**INFORMATION PROVIDED:**
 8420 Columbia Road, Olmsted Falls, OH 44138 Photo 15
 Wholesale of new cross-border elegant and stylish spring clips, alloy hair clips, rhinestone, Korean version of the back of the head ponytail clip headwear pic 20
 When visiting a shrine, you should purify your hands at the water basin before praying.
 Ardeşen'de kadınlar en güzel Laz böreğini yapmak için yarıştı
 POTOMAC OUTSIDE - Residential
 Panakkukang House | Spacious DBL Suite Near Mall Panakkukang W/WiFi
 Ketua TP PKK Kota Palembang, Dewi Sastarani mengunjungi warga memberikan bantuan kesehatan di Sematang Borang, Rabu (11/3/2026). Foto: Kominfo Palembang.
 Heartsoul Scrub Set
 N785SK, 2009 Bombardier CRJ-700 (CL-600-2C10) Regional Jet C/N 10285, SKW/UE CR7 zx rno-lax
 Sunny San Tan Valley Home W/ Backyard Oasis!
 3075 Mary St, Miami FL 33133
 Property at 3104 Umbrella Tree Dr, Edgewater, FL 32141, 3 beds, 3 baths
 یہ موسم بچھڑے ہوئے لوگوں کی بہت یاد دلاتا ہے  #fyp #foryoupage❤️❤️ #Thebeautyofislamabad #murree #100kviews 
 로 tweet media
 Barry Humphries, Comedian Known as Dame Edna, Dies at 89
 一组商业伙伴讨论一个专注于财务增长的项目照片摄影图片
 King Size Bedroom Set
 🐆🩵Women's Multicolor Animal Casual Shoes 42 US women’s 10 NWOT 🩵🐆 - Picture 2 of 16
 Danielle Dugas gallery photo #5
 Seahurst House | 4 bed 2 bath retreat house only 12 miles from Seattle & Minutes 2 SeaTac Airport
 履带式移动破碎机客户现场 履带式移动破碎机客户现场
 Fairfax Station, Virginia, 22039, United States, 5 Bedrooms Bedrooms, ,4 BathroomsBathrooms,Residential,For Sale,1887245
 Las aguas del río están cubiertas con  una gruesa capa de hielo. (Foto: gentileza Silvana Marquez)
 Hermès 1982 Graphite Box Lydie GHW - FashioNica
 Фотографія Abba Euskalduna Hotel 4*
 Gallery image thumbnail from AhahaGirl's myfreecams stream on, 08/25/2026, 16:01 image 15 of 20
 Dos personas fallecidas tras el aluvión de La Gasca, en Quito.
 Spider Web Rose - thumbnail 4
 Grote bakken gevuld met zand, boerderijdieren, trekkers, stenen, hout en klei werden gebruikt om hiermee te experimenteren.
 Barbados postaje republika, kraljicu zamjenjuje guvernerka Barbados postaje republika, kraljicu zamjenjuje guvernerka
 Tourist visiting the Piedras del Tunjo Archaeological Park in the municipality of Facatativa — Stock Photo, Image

**WORK ITEM:** Take the records above and return, word for word, only the lines that fall from the line with "Panakkukang House |" to the line with "Danielle Dugas gallery photo #5", both of them included.

**RESULT BELOW:**
 Panakkukang House | Spacious DBL Suite Near Mall Panakkukang W/WiFi
 Ketua TP PKK Kota Palembang, Dewi Sastarani mengunjungi warga memberikan bantuan kesehatan di Sematang Borang, Rabu (11/3/2026). Foto: Kominfo Palembang.
 Heartsoul Scrub Set
 N785SK, 2009 Bombardier CRJ-700 (CL-600-2C10) Regional Jet C/N 10285, SKW/UE CR7 zx rno-lax
 Sunny San Tan Valley Home W/ Backyard Oasis!
 3075 Mary St, Miami FL 33133
 Property at 3104 Umbrella Tree Dr, Edgewater, FL 32141, 3 beds, 3 baths
 یہ موسم بچھڑے ہوئے لوگوں کی بہت یاد دلاتا ہے  #fyp #foryoupage❤️❤️ #Thebeautyofislamabad #murree #100kviews 
 로 tweet media
 Barry Humphries, Comedian Known as Dame Edna, Dies at 89
 一组商业伙伴讨论一个专注于财务增长的项目照片摄影图片
 King Size Bedroom Set
 🐆🩵Women's Multicolor Animal Casual Shoes 42 US women’s 10 NWOT 🩵🐆 - Picture 2 of 16
 Danielle Dugas gallery photo #5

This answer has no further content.